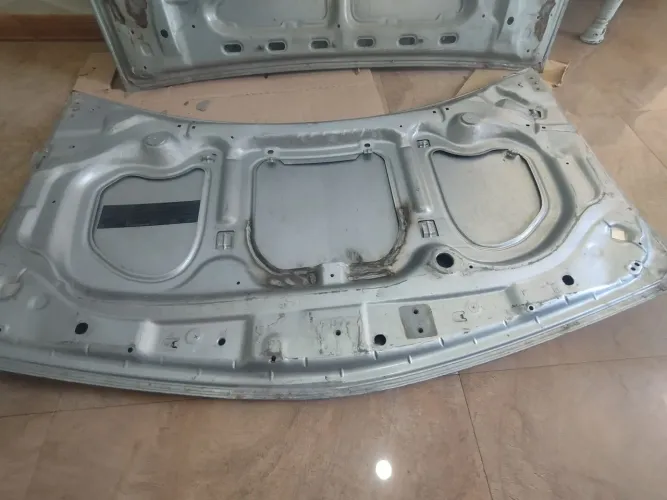 Capô Megane 07/12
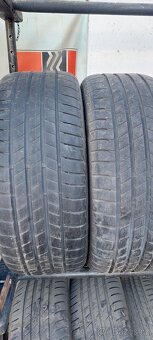 Prodám 205/50 R 17 89V BRIDGESTONE TURANZA T005 - 2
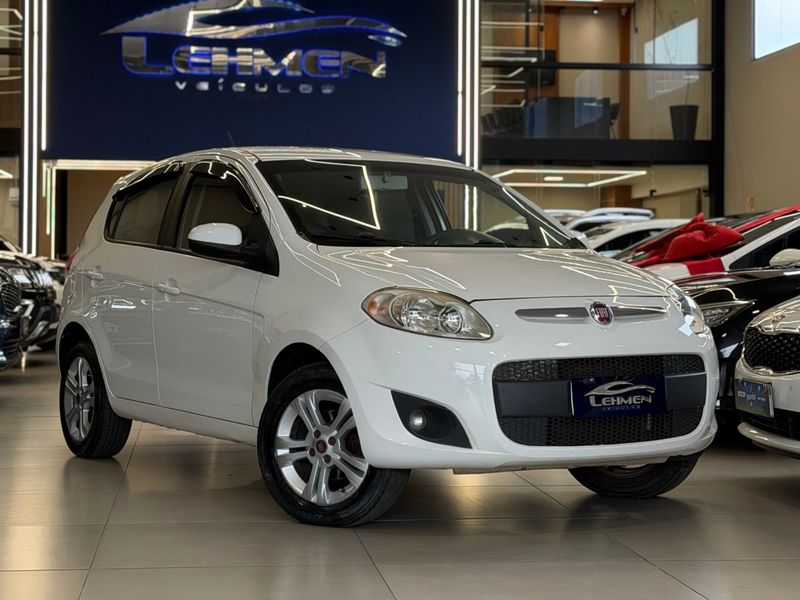 FIAT PALIO 1.4 MPI ATTRACTIVE 8V 2014/2015 LEHMEN VEÍCULOS VENÂNCIO AIRES / Carros no Vale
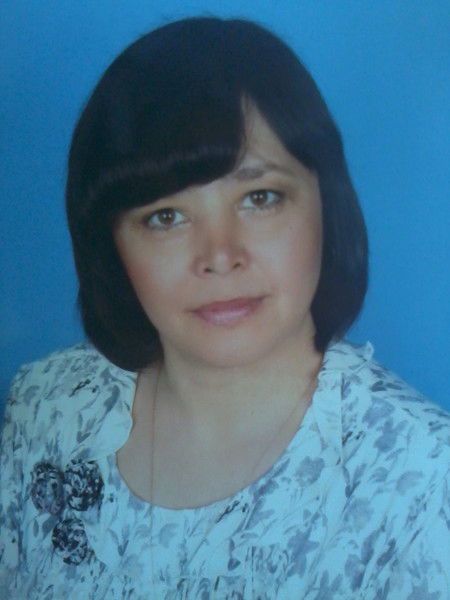 Лариса Волошин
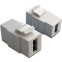Вставка USB Lanmaster LAN-OK-USB20-AA/V-WH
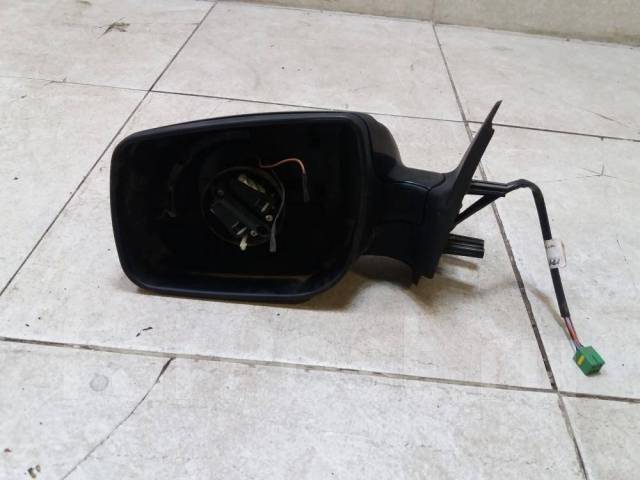 Зеркало заднего вида - Datsun on-Do, 1,6 л, 2017 года поломка DRIVE2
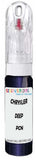 10ml–30ml touch-up kit for Chrysler Voyager chips and scratches, precise colour match to Deep Amethyst Pearlcoat Pcn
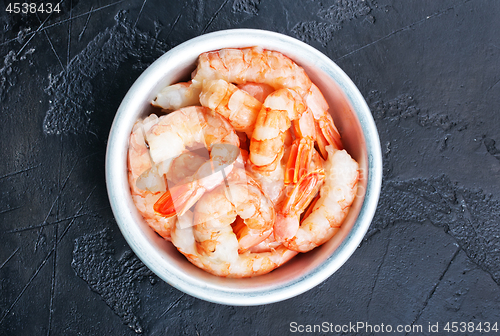 Image of shrimps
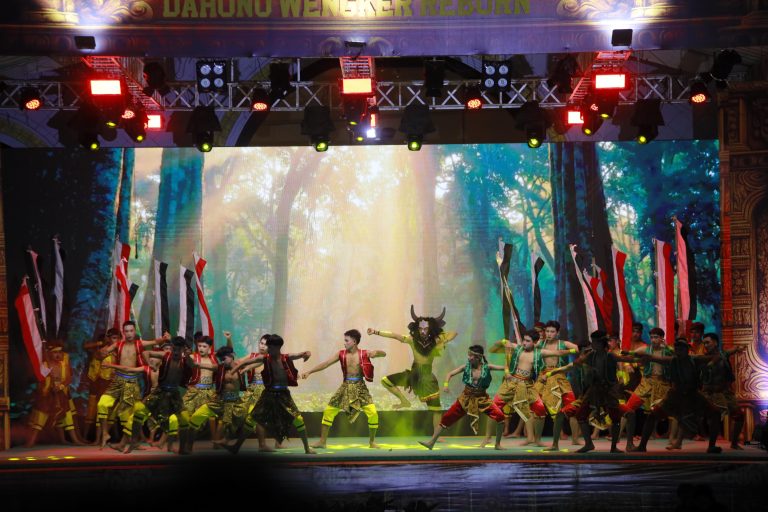 Dahono Wengker Reborn, Disutradarai Kang Bupati Sugiri Suguhkan Intrik Politik, Cinta, dan Pengkhianatan di Era Majapahit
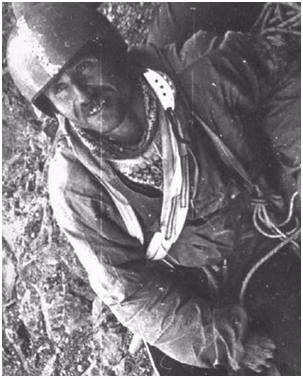 ХРОНИКА ОДНОГО СПУСКА 1996 год (Альпинизм)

..........

Your goal: An exact copy of the lines above, from the first through the line that holds "Image of shrimps", is what is needed; leave the pictures out.

Task result:
 Capô Megane 07/12
 Prodám 205/50 R 17 89V BRIDGESTONE TURANZA T005 - 2
 FIAT PALIO 1.4 MPI ATTRACTIVE 8V 2014/2015 LEHMEN VEÍCULOS VENÂNCIO AIRES / Carros no Vale
 Лариса Волошин
Вставка USB Lanmaster LAN-OK-USB20-AA/V-WH
 Зеркало заднего вида - Datsun on-Do, 1,6 л, 2017 года поломка DRIVE2
 10ml–30ml touch-up kit for Chrysler Voyager chips and scratches, precise colour match to Deep Amethyst Pearlcoat Pcn
 Image of shrimps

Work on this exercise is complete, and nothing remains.